The man behind Tayto crisps in the Republic has admitted ploughing €2m (£1.7m) into a factory in war-torn Libya was a “mistake”.
But the company still hopes to revive its operations near Tripoli after the building survived months of Nato bombing and the civil war that led to the fall of Muammar Gaddafi.
The Tayto operation was forced to hastily withdraw from Libya and ship equipment back to Ireland when civil unrest spilled over into violence last year.
Raymond Coyle, chief executive of Co Meath’s Largo Foods, said the original plan was to use the factory to avoid a 20% charge on importing crisps into Libya — it sends thousands of packets of snacks to the country each month.
But the founder of the Ashbourne-based business now says he is “nearly ashamed” of the amount of money spent on the stalled project.
The 80,000 sq ft factory, built in 2008, was a joint venture between Mr Coyle and Libyan businessman Dr Salah el-Ghraim, who had lived in Ireland and worked as a Halal meat wholesaler for 15 years.

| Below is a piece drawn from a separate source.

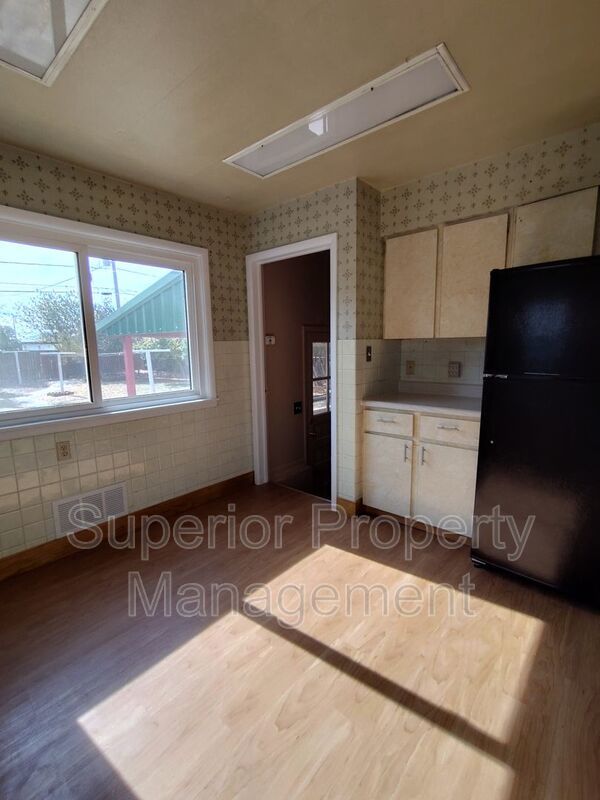 Beautiful and Spacious Ranch home with finished basement. Available Now. property image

For almost three years it churned out Tayto products and Mr Coyle said it became profitable in its last four months, up to the start of the upheaval in February.
Asked how much he had contributed to the project, Mr Coyle said: “I'd nearly be ashamed to tell you.”
But he added: “It's over two million I put into it.”
He added: “It was a mistake in hindsight ... of course if I knew what was going to happen I wouldn't have done it.”
The abandonment, for the time being, of the Libyan operation was revealed in the company's 2010 accounts.
It also contained a brief note stating: “The equipment acquired was returned to Largo post year end and before the turmoil in Libya began.”
The records show that the company was owed €631,596 (£527,037) in relation to the project last year and add that “the promoters have confirmed their intention to repay outstanding amounts”.